(Stored items)
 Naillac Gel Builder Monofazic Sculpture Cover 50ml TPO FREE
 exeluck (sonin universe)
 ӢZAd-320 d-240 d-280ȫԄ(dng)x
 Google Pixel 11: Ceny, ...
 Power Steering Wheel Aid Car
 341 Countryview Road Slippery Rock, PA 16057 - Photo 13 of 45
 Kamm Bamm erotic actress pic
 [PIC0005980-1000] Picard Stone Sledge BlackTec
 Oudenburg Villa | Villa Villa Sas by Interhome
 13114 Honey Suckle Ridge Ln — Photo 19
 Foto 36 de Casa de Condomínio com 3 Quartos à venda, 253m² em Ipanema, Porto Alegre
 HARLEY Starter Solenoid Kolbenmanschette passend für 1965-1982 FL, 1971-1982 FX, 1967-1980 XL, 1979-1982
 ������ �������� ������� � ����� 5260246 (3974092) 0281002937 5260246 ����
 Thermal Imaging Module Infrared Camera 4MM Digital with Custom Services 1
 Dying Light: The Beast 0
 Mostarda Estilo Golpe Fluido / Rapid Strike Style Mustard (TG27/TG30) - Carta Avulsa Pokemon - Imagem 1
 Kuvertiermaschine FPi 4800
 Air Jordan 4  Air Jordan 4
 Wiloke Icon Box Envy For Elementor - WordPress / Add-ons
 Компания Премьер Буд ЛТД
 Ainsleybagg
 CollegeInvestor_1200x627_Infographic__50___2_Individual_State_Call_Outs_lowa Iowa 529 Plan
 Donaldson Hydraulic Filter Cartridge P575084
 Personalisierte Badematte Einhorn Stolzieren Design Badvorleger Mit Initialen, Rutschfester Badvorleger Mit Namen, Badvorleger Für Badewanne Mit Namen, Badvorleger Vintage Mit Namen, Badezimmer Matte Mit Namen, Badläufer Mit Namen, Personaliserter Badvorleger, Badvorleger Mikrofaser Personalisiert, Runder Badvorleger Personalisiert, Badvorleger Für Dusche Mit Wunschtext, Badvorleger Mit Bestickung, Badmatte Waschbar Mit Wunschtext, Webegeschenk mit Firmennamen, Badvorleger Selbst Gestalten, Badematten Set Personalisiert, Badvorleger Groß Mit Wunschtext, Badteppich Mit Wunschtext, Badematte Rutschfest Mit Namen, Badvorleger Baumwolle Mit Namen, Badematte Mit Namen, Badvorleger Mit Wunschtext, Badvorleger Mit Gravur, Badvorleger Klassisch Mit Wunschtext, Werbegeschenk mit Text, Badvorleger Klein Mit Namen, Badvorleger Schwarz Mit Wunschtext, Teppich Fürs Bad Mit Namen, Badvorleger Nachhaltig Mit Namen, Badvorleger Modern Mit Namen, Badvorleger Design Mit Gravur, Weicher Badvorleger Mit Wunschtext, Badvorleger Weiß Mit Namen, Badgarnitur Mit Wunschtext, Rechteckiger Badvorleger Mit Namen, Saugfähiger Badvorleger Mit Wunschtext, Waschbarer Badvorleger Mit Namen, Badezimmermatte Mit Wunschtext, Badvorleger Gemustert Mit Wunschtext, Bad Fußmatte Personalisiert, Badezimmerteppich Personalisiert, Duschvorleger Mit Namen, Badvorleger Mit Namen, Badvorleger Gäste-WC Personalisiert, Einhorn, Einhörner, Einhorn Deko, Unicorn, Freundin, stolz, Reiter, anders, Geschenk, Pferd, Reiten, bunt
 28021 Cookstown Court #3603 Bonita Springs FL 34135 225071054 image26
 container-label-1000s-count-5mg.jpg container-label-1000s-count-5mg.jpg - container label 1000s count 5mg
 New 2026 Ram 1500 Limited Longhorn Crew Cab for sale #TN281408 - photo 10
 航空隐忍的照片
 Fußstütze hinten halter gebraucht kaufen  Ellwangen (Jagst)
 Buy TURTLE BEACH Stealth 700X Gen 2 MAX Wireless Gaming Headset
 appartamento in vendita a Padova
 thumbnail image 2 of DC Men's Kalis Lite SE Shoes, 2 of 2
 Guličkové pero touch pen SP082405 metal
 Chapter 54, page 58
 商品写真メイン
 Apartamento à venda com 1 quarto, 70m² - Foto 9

__Requirement__:
Return all lines from the entries that contain the string "venda".

__The completed task__:
 Foto 36 de Casa de Condomínio com 3 Quartos à venda, 253m² em Ipanema, Porto Alegre
 Apartamento à venda com 1 quarto, 70m² - Foto 9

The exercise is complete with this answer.